**Data records**
_____
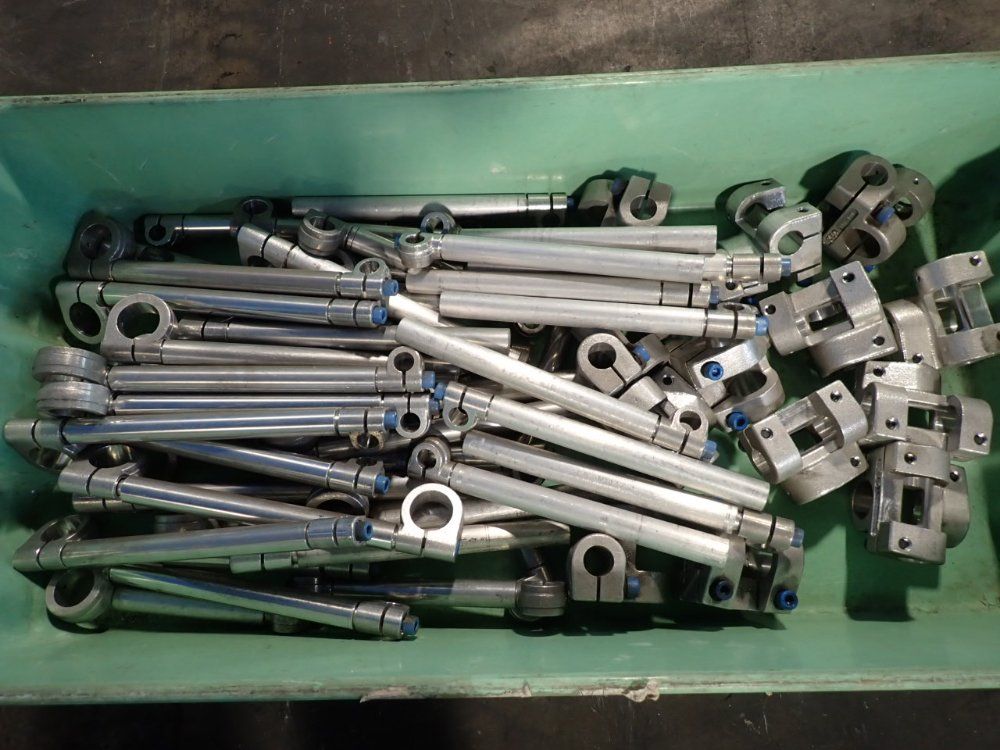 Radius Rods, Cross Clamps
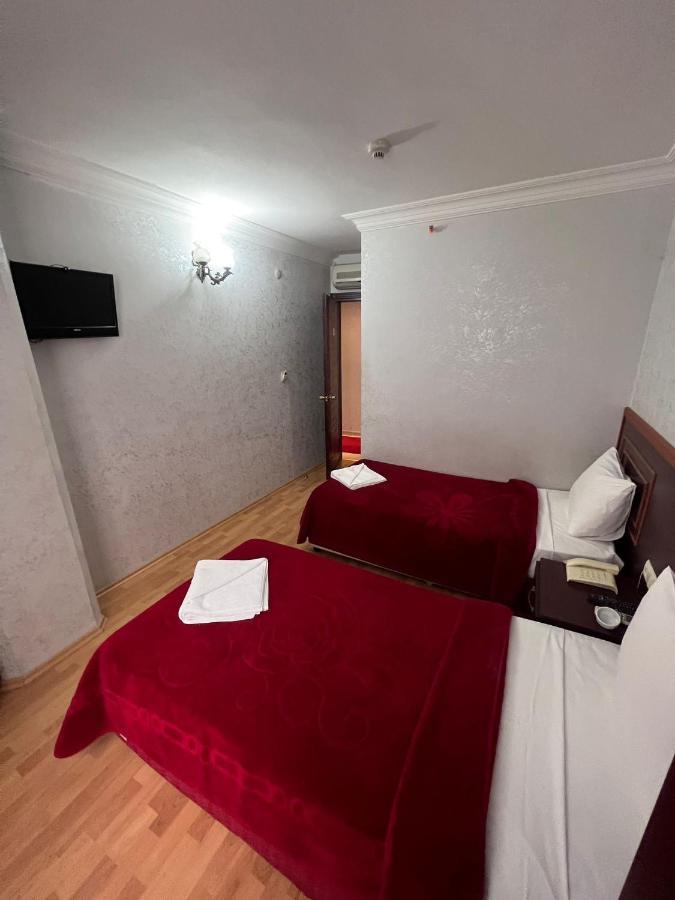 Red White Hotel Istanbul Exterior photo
_____
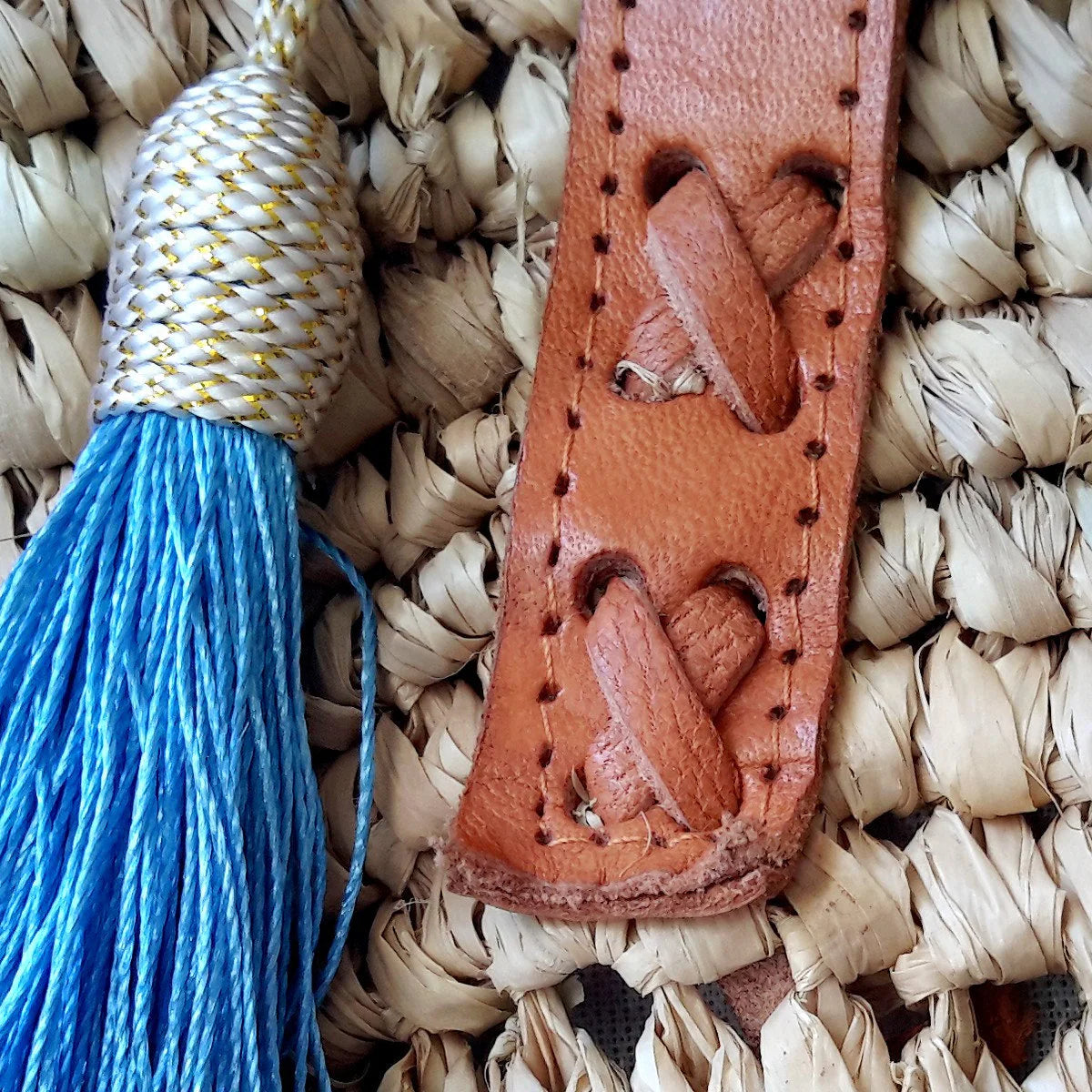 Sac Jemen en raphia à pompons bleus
_____
**Task instructions**
What are the lines above from the one with "Radius Rods, Cross Clamps" to the one with "Red White Hotel Istanbul Exterior photo", both included? Reproduce them exactly, without pictures.

**Written answer**
 Radius Rods, Cross Clamps
 Red White Hotel Istanbul Exterior photo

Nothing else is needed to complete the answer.